**PROBLEM DETAILS:** What is needed is an exact repeat of the lines from the one holding "douvan-050217pml0486 douvan-050217pml0486" through the final line of the data, with no pictures.

**MATERIAL PROVIDED:**
Segment Open

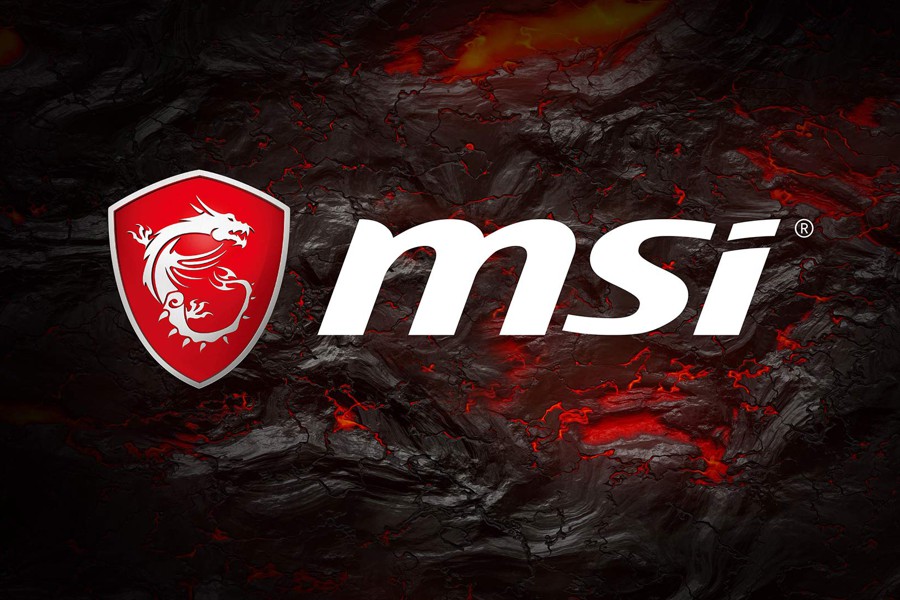 msi_logo.jpg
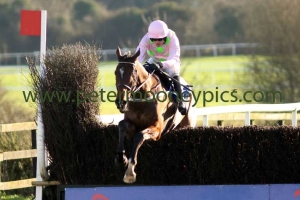 douvan-050217pml0486 douvan-050217pml0486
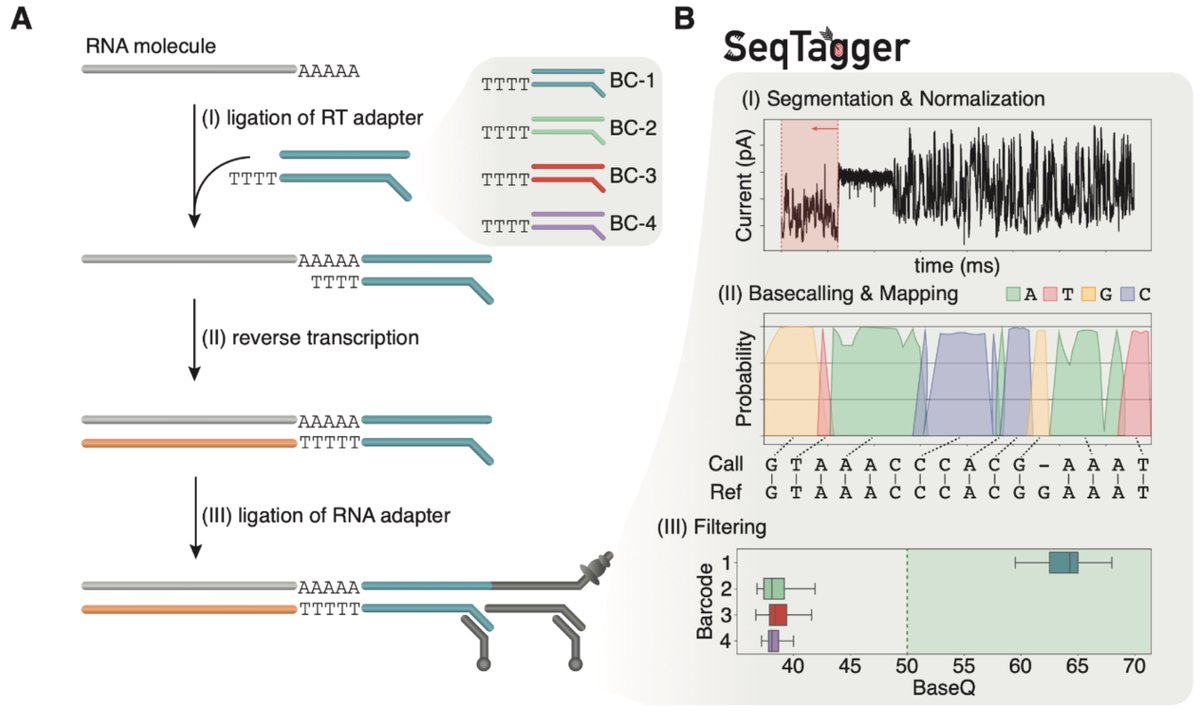 antisense. tweet media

Segment Closed

**SOLVED PROBLEM:**
 douvan-050217pml0486 douvan-050217pml0486
 antisense. tweet media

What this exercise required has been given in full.